Les limites chronologiques choisies pour cette étude s’étendent sur le Bronze Ancien, c'est-à-dire l’ensemble du IIIème millénaire (3000-2000 av. J.-C.). Cette période est particulièrement intéressante car elle s’inscrit dans une phase de changements structurels considérables, préparés au cours du IVème millénaire. La période urukéenne marque, en effet, une évolution dans le paysage mésopotamien et oriental avec la formation des Cités-États, et l’apparition de pouvoirs centralisés qui étendent leurs influences au-delà des frontières du Sud, en implantant des colonies et des comptoirs dans le Nord Mésopotamien. Le retrait des urukéens à la fin du IVème millénaire entraîne un déclin de certaines implantations, mais pas nécessairement une disparition totale des habitats20. Certains villages comme ceux de Jerablus-Tahtani, ou de Tell Hadidi, par exemple, n’ont pas périclité21. Après une phase transitoire au début du IIIème millénaire, ils se sont développés et témoignent au contraire d’un nouveau dynamisme régional dû à un recentrage des zones d’influence. L’impulsion régionale est donnée par des grands centres tels que Mari et Ebla. Ebla est une implantation ancienne qui s’est développée en un centre régional à part entière.

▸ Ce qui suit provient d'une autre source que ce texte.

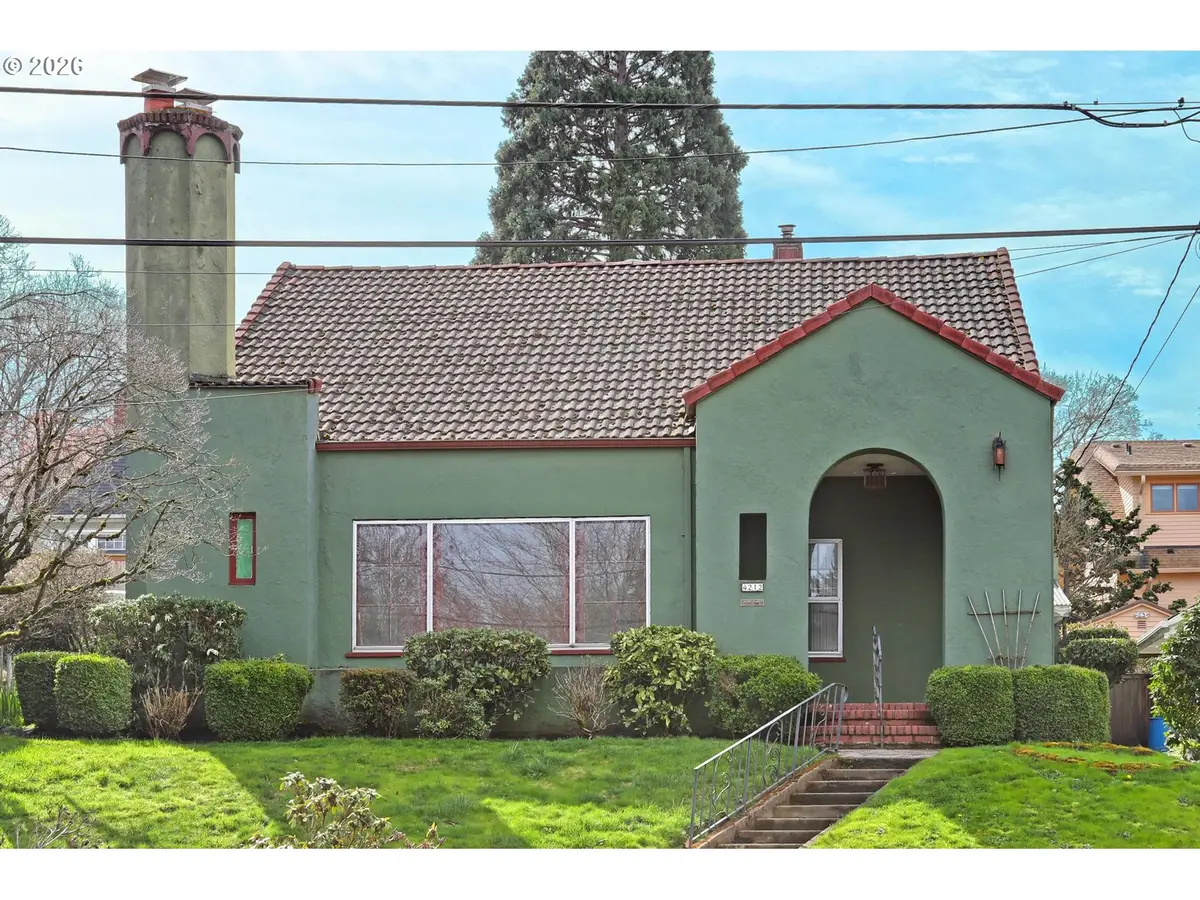 4212 E Burnside St, Portland, OR 97215 - #1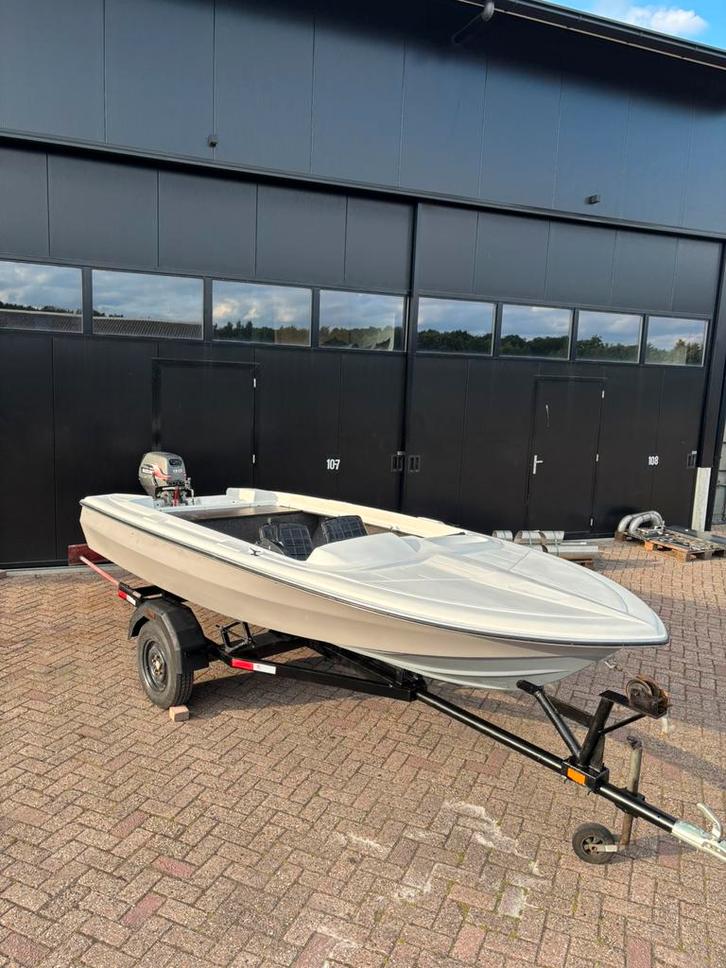 Boot 15pk moet weg! €1250 NU OPHALEN!!!, Watersport en Boten, Speedboten, 3 tot 6 meter, Benzine, Minder dan 70 pk, Polyester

Le développement du Sud mésopotamien avec les Cités-États a été imposé comme le modèle traditionnel de l’évolution urbaine et politique. La Syrie avec Ebla, témoigne d’une culture originale et d’un développement politique et économique indépendant tout en préservant des liens étroits avec certaines cités du Sud : Kish est un partenaire politique et économique qui apparaît couramment dans les textes des Archives d’Ebla. Il s’avèrerait en outre que le Nord-Est de la Syrie et la Mésopotamie du Nord auraient connu un développement urbain ancien. Cette période s’inscrit donc dans un processus de développement des Cité-États dans l’ensemble syro-mésopotamien qui se traduit dans des relations inter et supra-régionales et une volonté de rayonnement

Le Sud, par nécessité économique et politique, maintient son influence dans le Nord et développe intensément le commerce avec ses voisins Iran, Indus, Golfe Persique. Le contexte proche-oriental du IIIème millénaire est donc particulièrement dynamique, avec une demande croissante en biens de première nécessité (métal, nourriture) pour palier les manques écologiques et contenter une demande en biens de prestige destinés à l’ostentation des élites. En outre, dans la sphère proche-orientale et asiatique, se développent parallèlement des civilisations autochtones : l’Indus, l’Afghanistan, le Golfe Persique, la Transcaucasie. Les civilisations d’Asie Centrale forment, en marge de la Mésopotamie et de l’Iran, un bassin culturel particulièrement intéressant et riche dans sa diversité mais également dans son unité22 ; des centres urbains se sont construits et ont connu une phase d’apogée entre 2500 et 1800 av. J.-C.. La culture matérielle témoigne d’une grande technicité des artisans (perles, métal) qui ont su enrichir leur art des influences arrivées de l’Ouest par l’Iran et la Mésopotamie. Dans la vallée de l’Indus, entre 3000-2500 av. J.-C. environ, durant la période dite « Harappa ancien », des cultures locales se développent grâce au commerce et aux liens inter régionaux. Au cours de la période d’Harappa (2500-1800 av. J.-C.)23, des centres urbains font également leur apparition, avec Mohenjo-Daro dont la superficie et le système d’organisation sociale n’ont rien à envier à la Mésopotamie. Dans le Golfe Persique, des cultures locales ont émergé qui ont su exporter leur savoir faire, comme par exemple la vaisselle en pierre.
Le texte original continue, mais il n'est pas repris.